**Considering a “stupiphany”**

The secondary school math curriculum used to be extremely predictable in the middle decades of the twentieth century. High school freshmen took elementary algebra, sophomores enrolled in geometry, juniors refreshed and extended their first-year curriculum with intermediate algebra, and college-prep seniors took trigonometry. That's just the way it was in many places across the United States (and certainly when I was in high school).

Eventually, though, many changes occurred. While that old-fashioned core curriculum survives in many ways, it certainly drifted. Algebra trickled down into middle school and high school seniors started taking introductory calculus (or something called “analysis”). Perversely, however, the old high school courses also migrated into the college curriculum, where we originally called them “remedial” and then relabeled them with the less pejorative “developmental” tag. I think that such remedial courses used to be the province of what we call “continuation” high schools, but today most developmental math is taught in community colleges. My college, for example, teaches more developmental math than anything else. We even teach basic arithmetic to those who failed to learn it in elementary school.

And we teach developmental math over and over and over again to students who fail it the first, second, or even third time. Success rates hover between fifty and sixty percent for most of the classes, indicating the degree of recycling that goes on. It's maddening to both students and instructors.

Most of my colleagues in the math department know the secrets to success in a math class. In fact, they're hardly secrets because we share them constantly with our students: attend class regularly, pay attention, study the material, do the homework, and ask for help when you're stuck. While luck plays a role (catastrophic illness, financial distress, and family emergencies can derail anyone), most student failure is based on the neglect of those fundamental guidelines.

Of course, we don't just enunciate the principles of successful math learning and then sit back and wait for our students to succeed. We try to meet them halfway (or

*more*than halfway). We offer tutoring centers, accommodations for learning disabilities, on-line support, and different course formats. These days the traditional classroom-based lecture class is often supplemented with on-line instruction or hybrid classes that combine in-class and on-line elements. Students may be able to enroll in self-paced computer-based math labs, too.

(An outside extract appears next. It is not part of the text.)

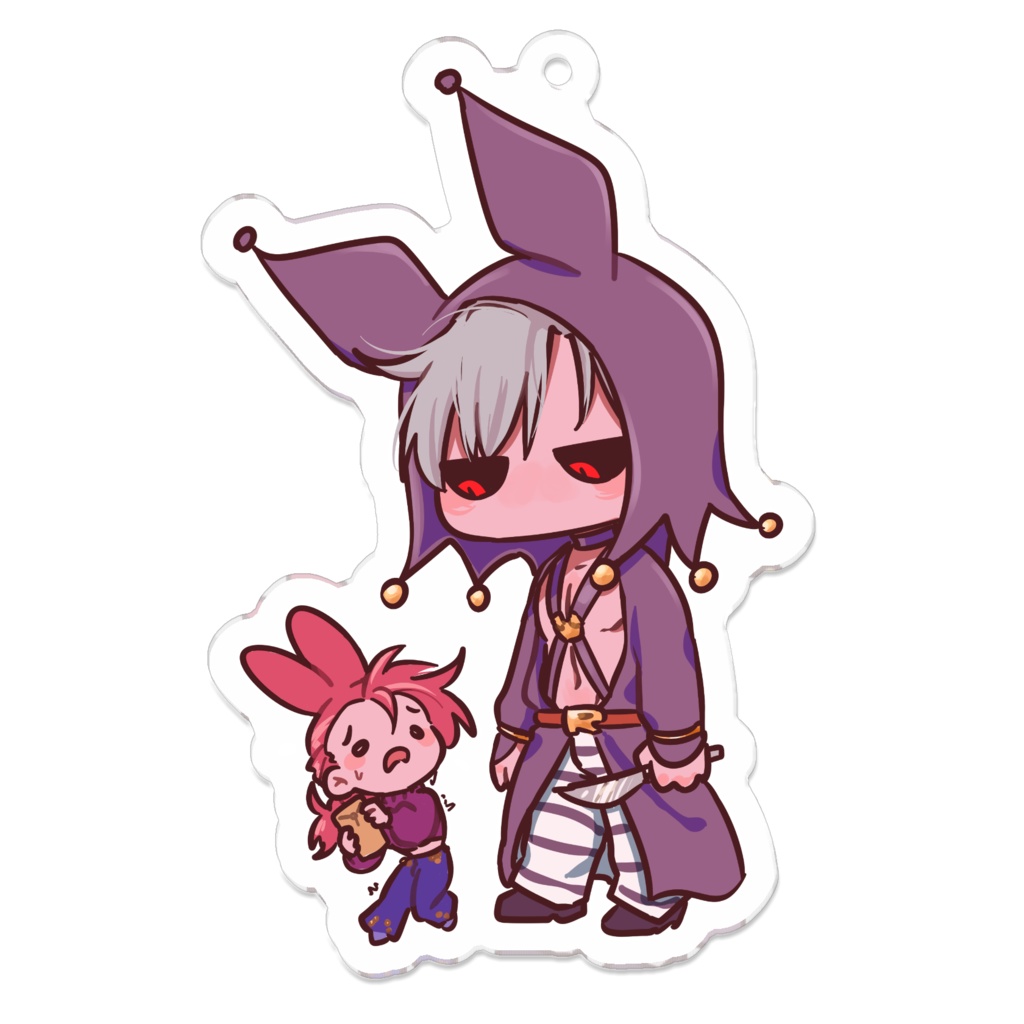 Rissotto bun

And then there are the “splits,” which try to slow down the pace of the curriculum by slicing the courses in half. Students having trouble with our one-semester elementary algebra might be permitted to take

*half*of the course during fall semester and the second half during spring. You can spot these courses in college catalogs where they bear labels like “Algebra 1A” and “Algebra 1B.” Many schools have even done this with arithmetic. You can struggle during the fall to learn your times table and save fractions till spring.

I wish I were kidding, but I exaggerate only slightly.

Guess what? The students who enroll in the splits aren't particularly more successful than those enrolled in regular lecture classes, on-line classes, or math labs. Are we rescuing a few additional students with each new approach, or would they do as well (or as badly) if we just ushered them all into a classroom and made them sit in rows?

I believe we do achieve some marginal additional success with the multiple formats because students do learn in different ways and one-size-fits-all is almost never true. Still, I wish the benefits were more than marginal.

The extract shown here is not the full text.